_Task objective:_ Reproduce the lines below verbatim. Pictures are to be omitted.
[[ Information supplied, beginning ]]
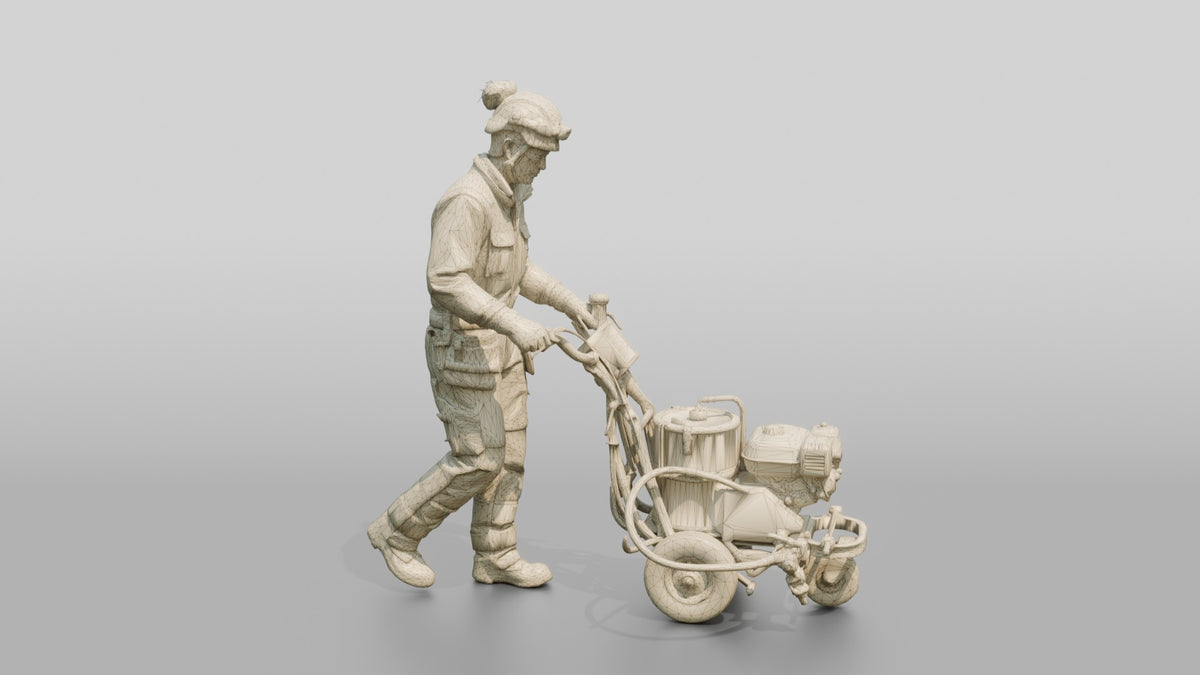 Construction Worker Woman 71 - wireframe topology preview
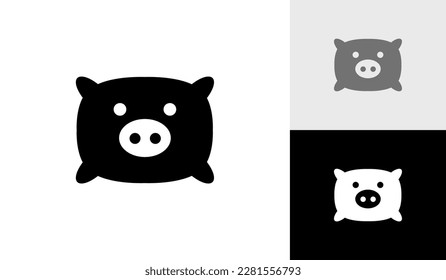 Diseño de almohada con logotipo de cara de cerdo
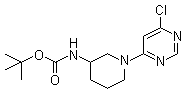 structure of CAS# 939986-09-1, N-[1-(6-氯-4-嘧啶基)-3-哌啶基]氨基甲酸叔丁酯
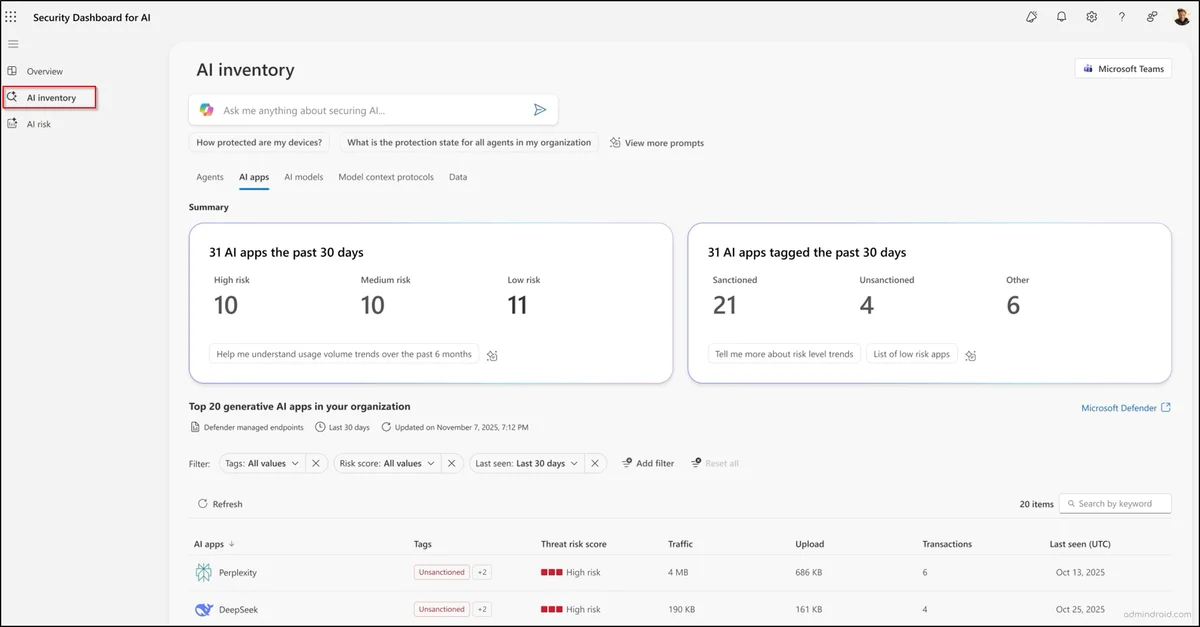 AI inventory page in Security Dashboard for AI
[[ Information supplied, end ]]
_Task solution:_
 Construction Worker Woman 71 - wireframe topology preview
 Diseño de almohada con logotipo de cara de cerdo
 structure of CAS# 939986-09-1, N-[1-(6-氯-4-嘧啶基)-3-哌啶基]氨基甲酸叔丁酯
 AI inventory page in Security Dashboard for AI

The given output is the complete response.